第37話 パスポート
海外旅行でいちばん怖いのは、パスポート紛失ではないでしょうか。再発行できるまで現地に留め置かれます。短くても数日かかる、少なくとも、あの事件の頃はそうでした。
ちょうと二十年前、秋に友人とパリ、ボルドーまでバレエ鑑賞の旅に。お互い時間がとれないので、二泊五日の旅です。夜の便で成田を発って早朝パリ着、一泊して翌朝、ボルドーへ。予定通り、パリオペラ座、新旧ふたつの劇場で鑑賞を終え、うっとり気分のまま、空港へ。ボルドー便はあっちね、と移動しチェックインしようとしたとき。
パスポートがない
さっき、バッグを開けたかもしれない。探してくるね、と、今来た道を引き返したけど、見つかりません。
歩きながら覚悟を決めました。
ダメだ、私は行けない。再発行してもらわないと。
真っ青です。三連休に海外旅行、なんて誰にも、職場にも告げていません。
金曜の朝、荷物持参で職場のある駅へ。コインロッカーに荷物を預け、退社後、荷物を出して空港へ。火曜の朝、成田から最寄り駅へ、荷物預けて何くわぬ顔で出社。そんなもくろみがおじゃんです。
職場に報告して出かけたのなら、帰国後、大変だったね、となるかもですが、内緒。
三連休しかないのにパリへ、だって。好きだねえ、遊んでばっか、とか、言われそう。何より火曜日に出社できない理由をちゃんと言わないといけない、日本に電話して。
同僚や上司のあきれ顔が脳裏に浮かびます。帰国後の私の立場は? 言い知れぬ恐怖に包まれました。

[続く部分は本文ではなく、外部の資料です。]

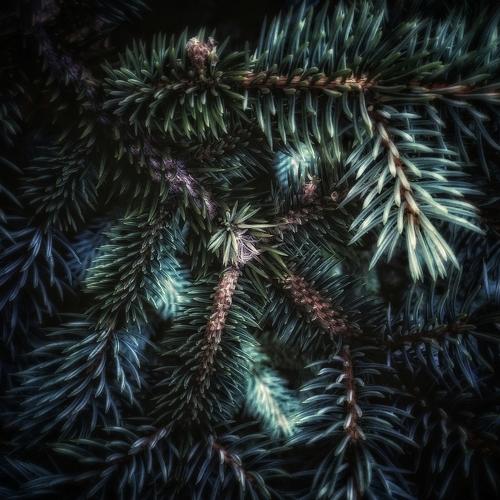 Photo #4800884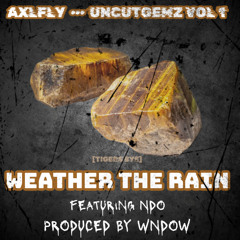 WEATHER THE RAIN ft. NDO (Prod by WNDOW)
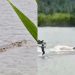 Kakek di Tanggamus Lampung meninggal diterkam buaya di sungai (dok. istimewa)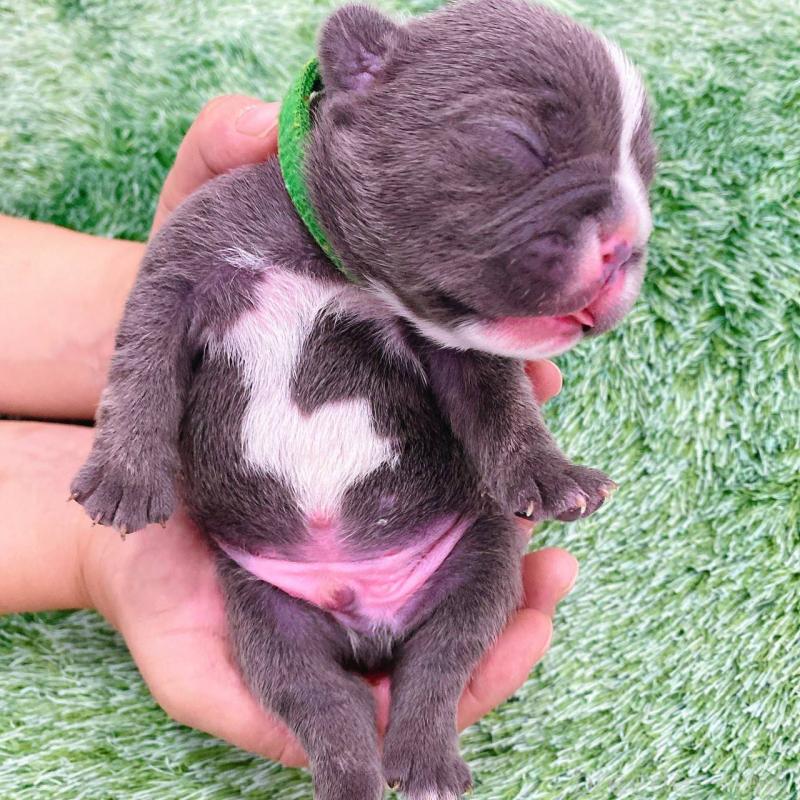 販売中の鹿児島県のフレンチブルドッグ-432042の2枚目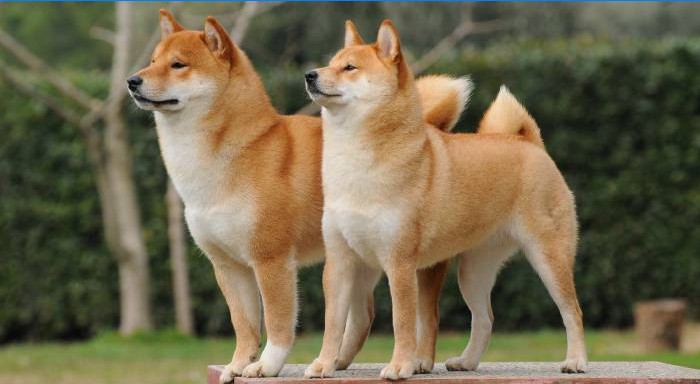 Shiba Inu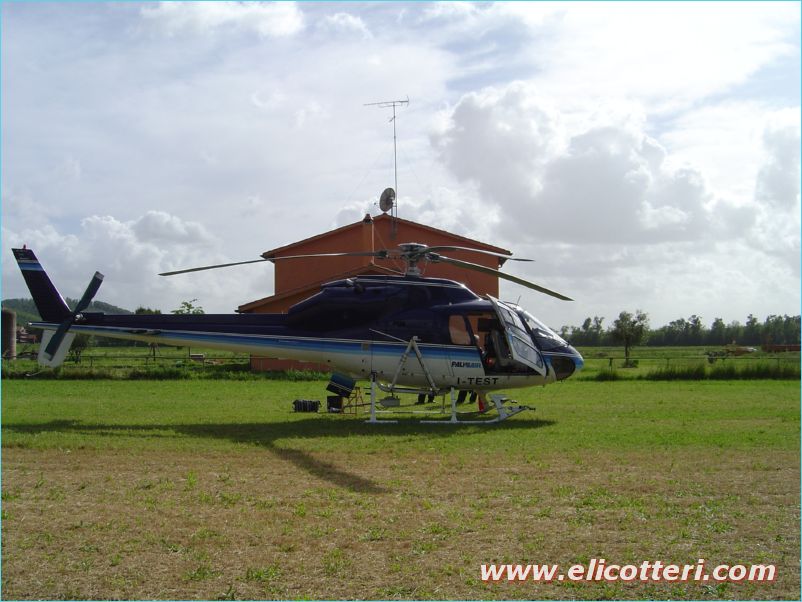 elifoto (89)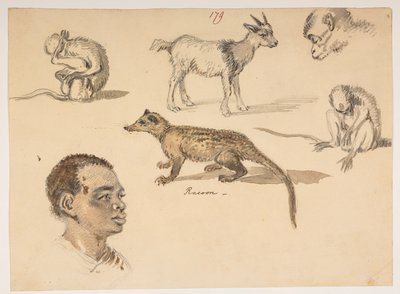 f.65 179 Hoofd van een man, wasbeer, geit en apen, uit een album van 372 tekeningen van landschappen, kustlijnen, kostuums en het dagelijks leven gemaakt tijdens Lord Macartney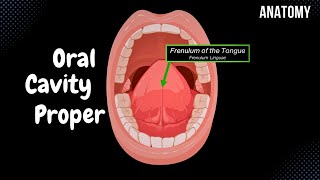 Oral Cavity Proper Palate amp Tongue  Oral Cavity Anatomy [upl. by Odlanyar397]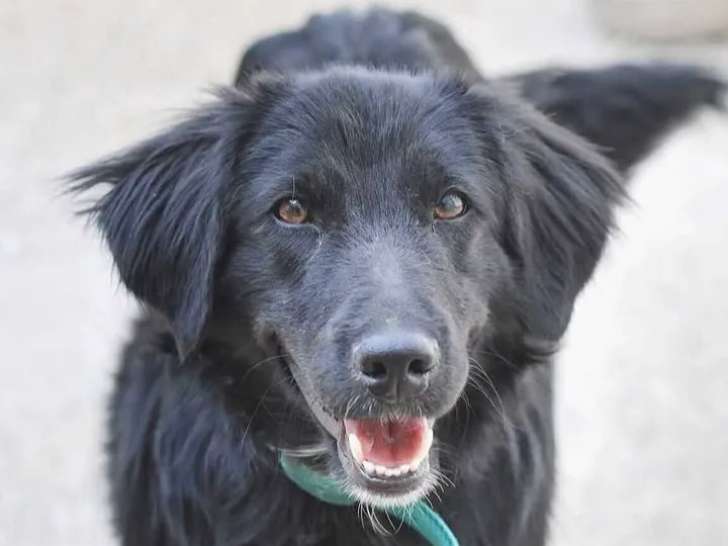 Adoption disponible : chien Border Collie d'un an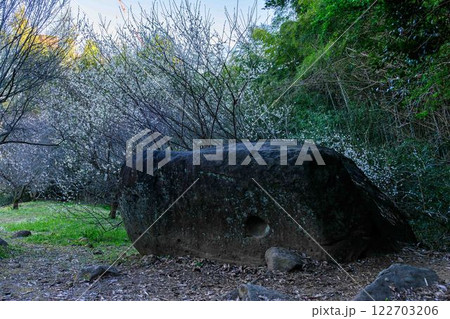 (宮本武蔵が座禅を組んだとされる石)　美しい梅の花が開花する季節に映える谷尾崎梅林公園(熊本市) 122703206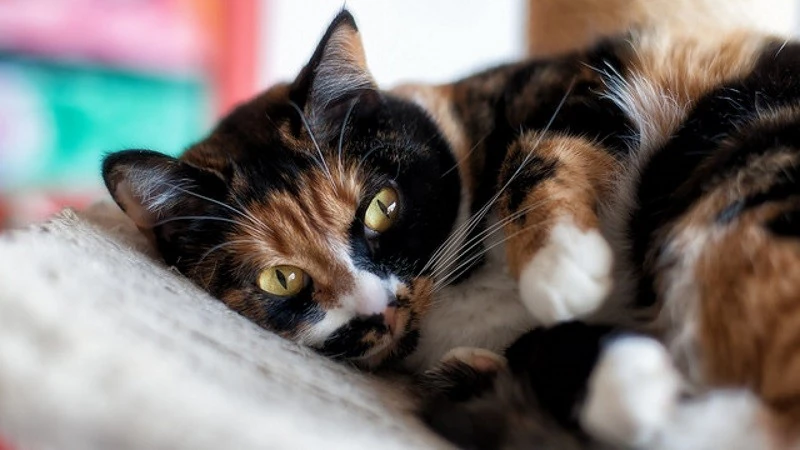 Cœur De Chataigne Wiki Vos Clans De Lgdc Fandom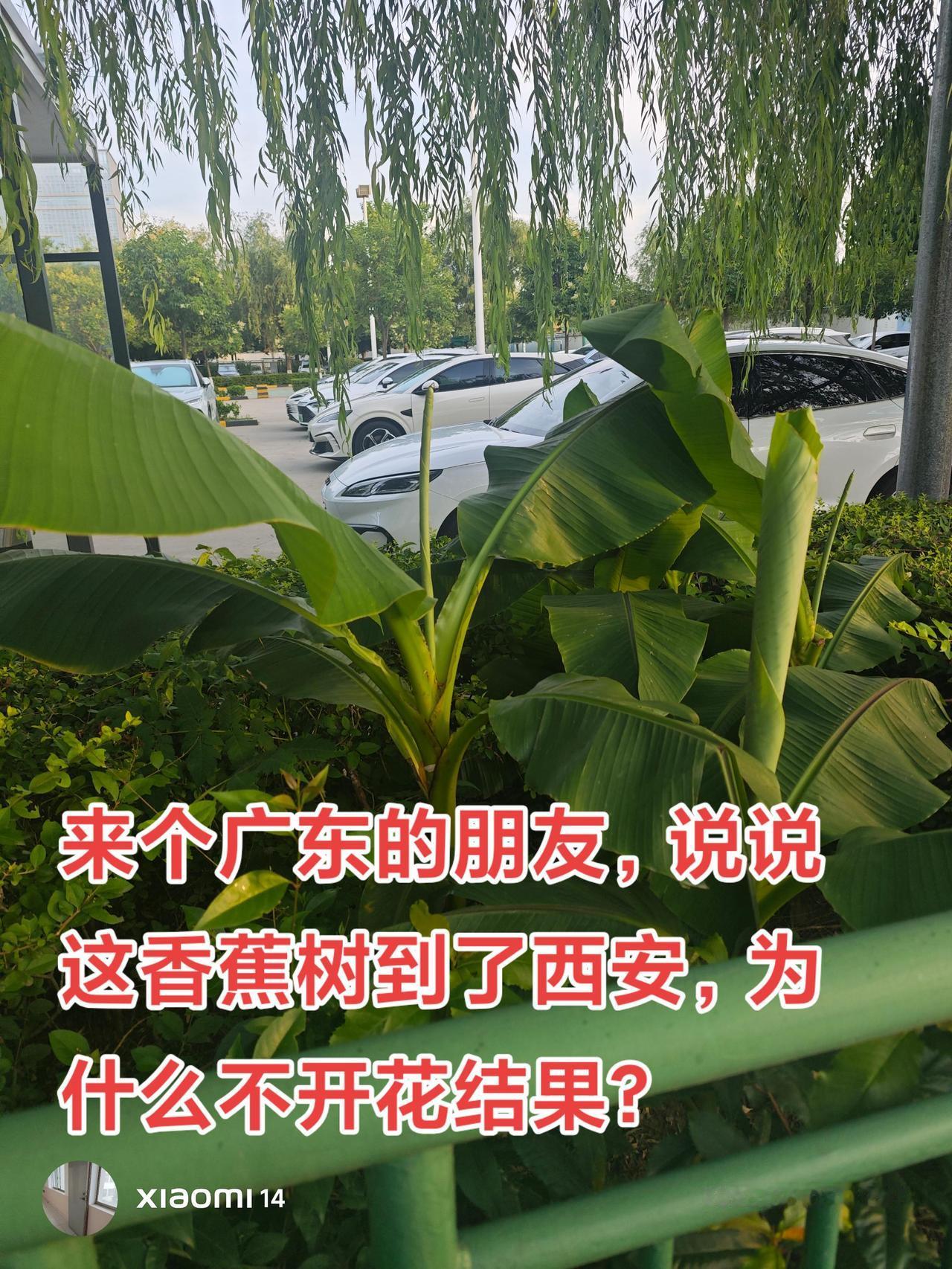 我感觉绿化带里种的这棵是香蕉树啊，为什么不开花结果，难道是观赏用的？广东香蕉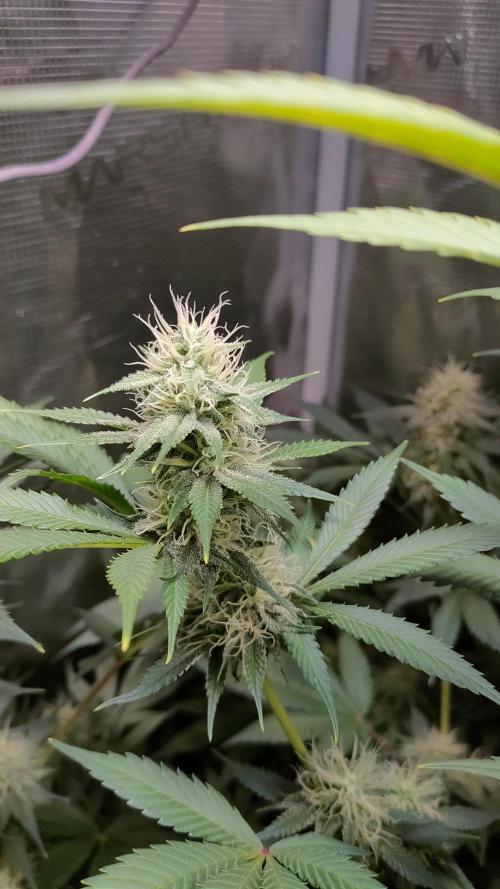 Eternity Grow Cup 2026. Week 13 - Plant 1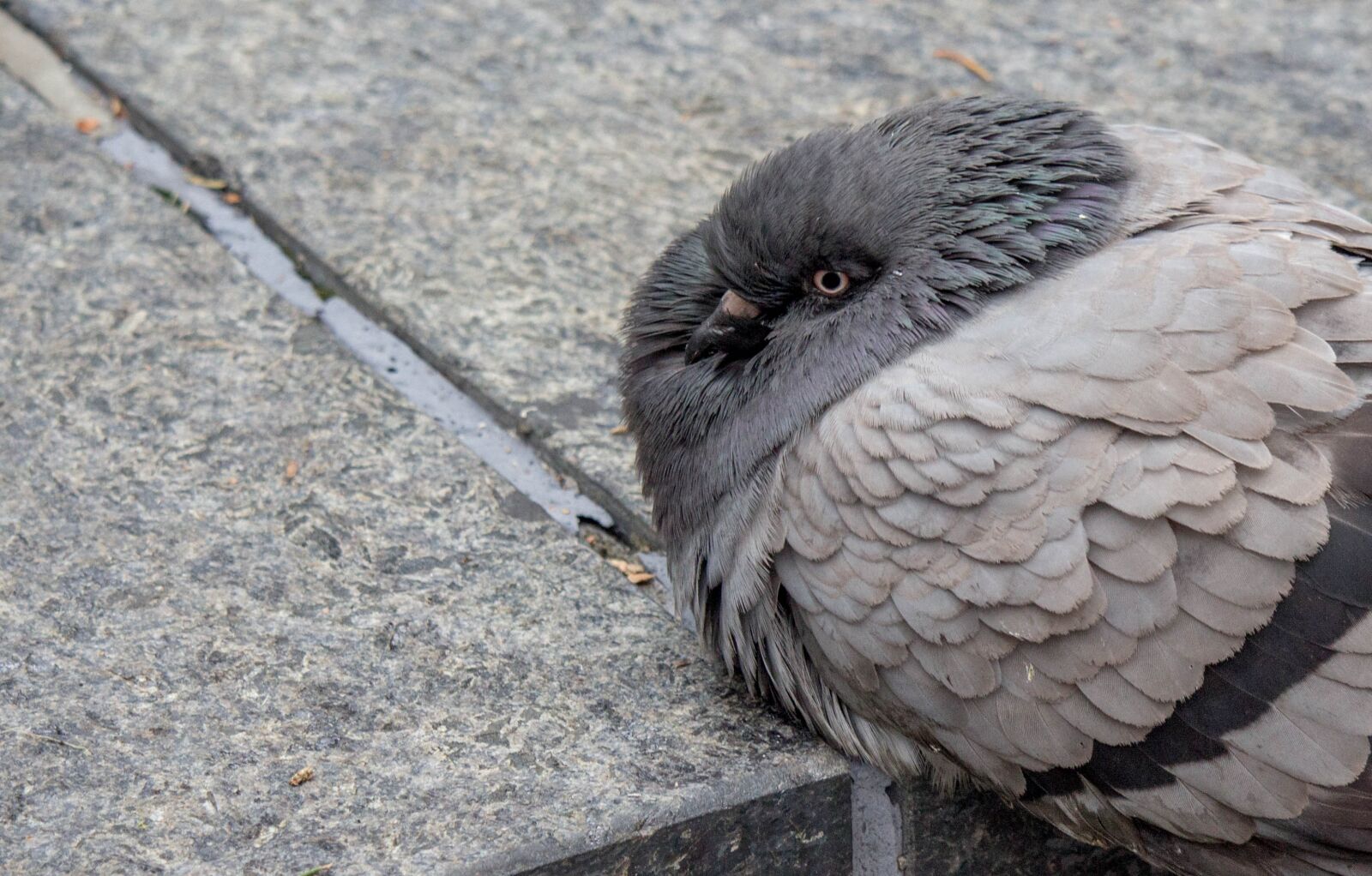 Canon EOS 700D (EOS Rebel T5i / EOS Kiss X7i) sample photo. Bird, nature, wildlife photography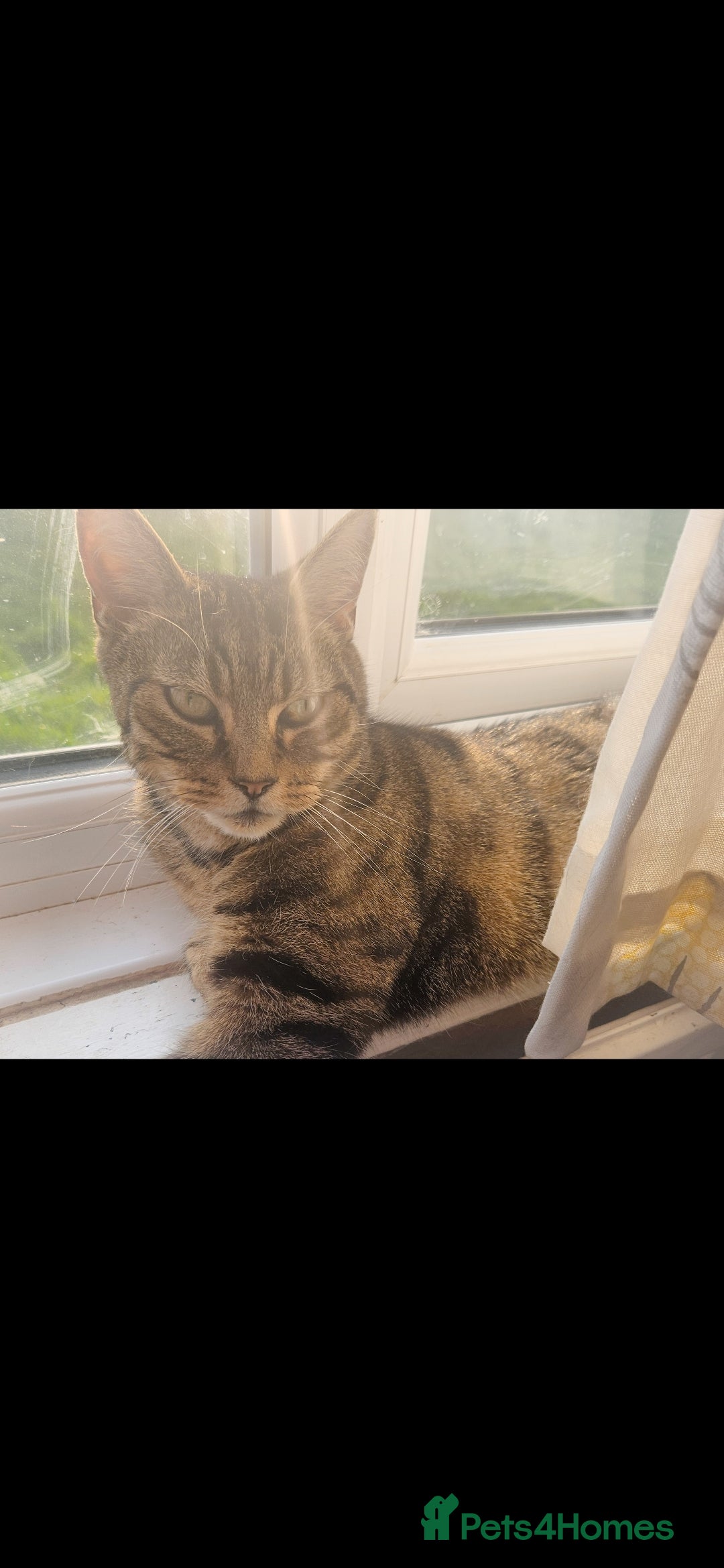 Mixed Breed cats for sale: reluctant sale  - Advert 3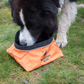 MDOG - Collapsible Large Travel Bowl *WINTER SALE*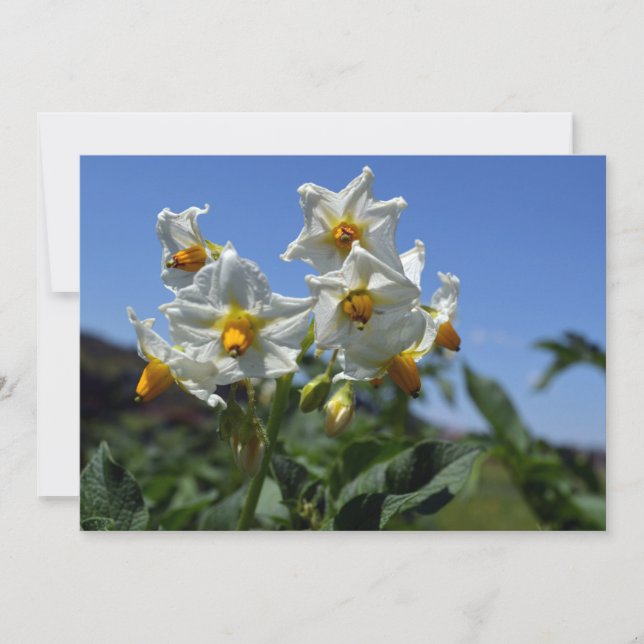 Stjärniga blommor Solanum tuberosum   Inbjudningar (Framsida)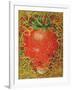 Strawberry in Straw, 1998-E.B. Watts-Framed Giclee Print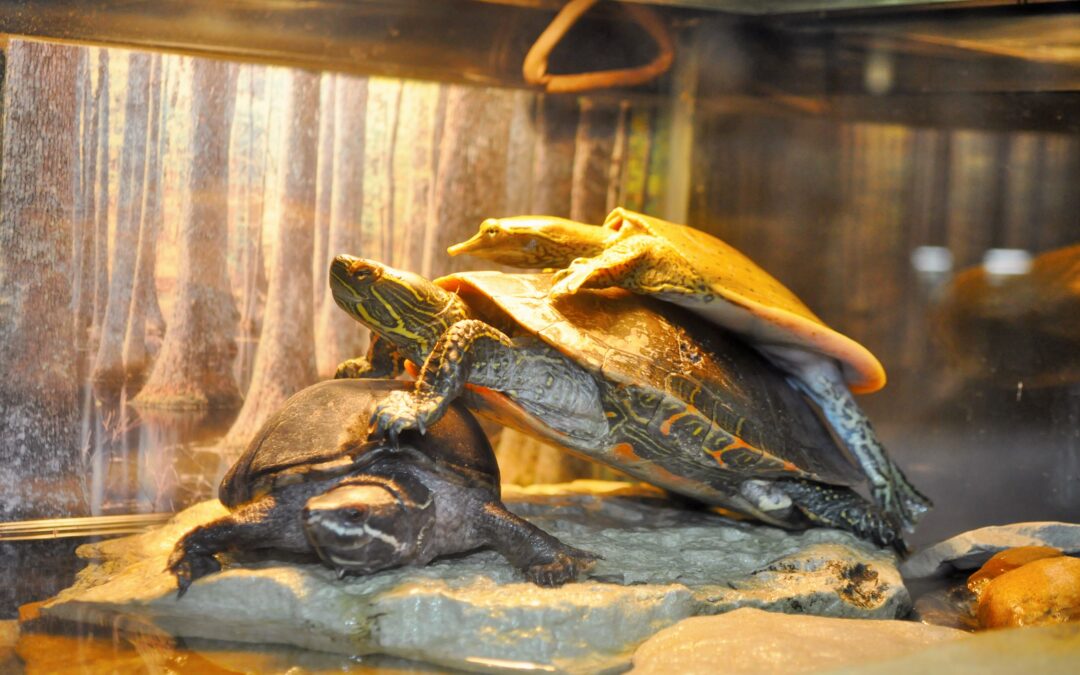 World Turtle Day – May 23, 2025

しかし、じたばたしても仕方ない、と、友人の元に脆ると。
「はい」と、彼女が差し出したのは、私のパスポート!
なんでも、彼女が持っていた白い手提げビニール袋(ボルドーで某ダンサーに捧げる花束が入っていた)にパスポートが滑り落ちていだらしいのです。
その場にへたり込みそうになるほど、安心しました。
というわけで、楽しい旅を終え、無事、帰国。火曜日の朝、いつものように出社した私でした。
なかなか長期休暇が取れない職場でしたが、これで味をしめた私は、三連休でまた行くぞ!
というわけで、わずか二か月後。12月にも二泊五日でパリに行ったんですよ、今度は一人で。本当に懲りないヤツです。
今はいろいろ障害があるし、ごひいきのダンサーもすべて引退。行ける時に行っておいて本当によかったです。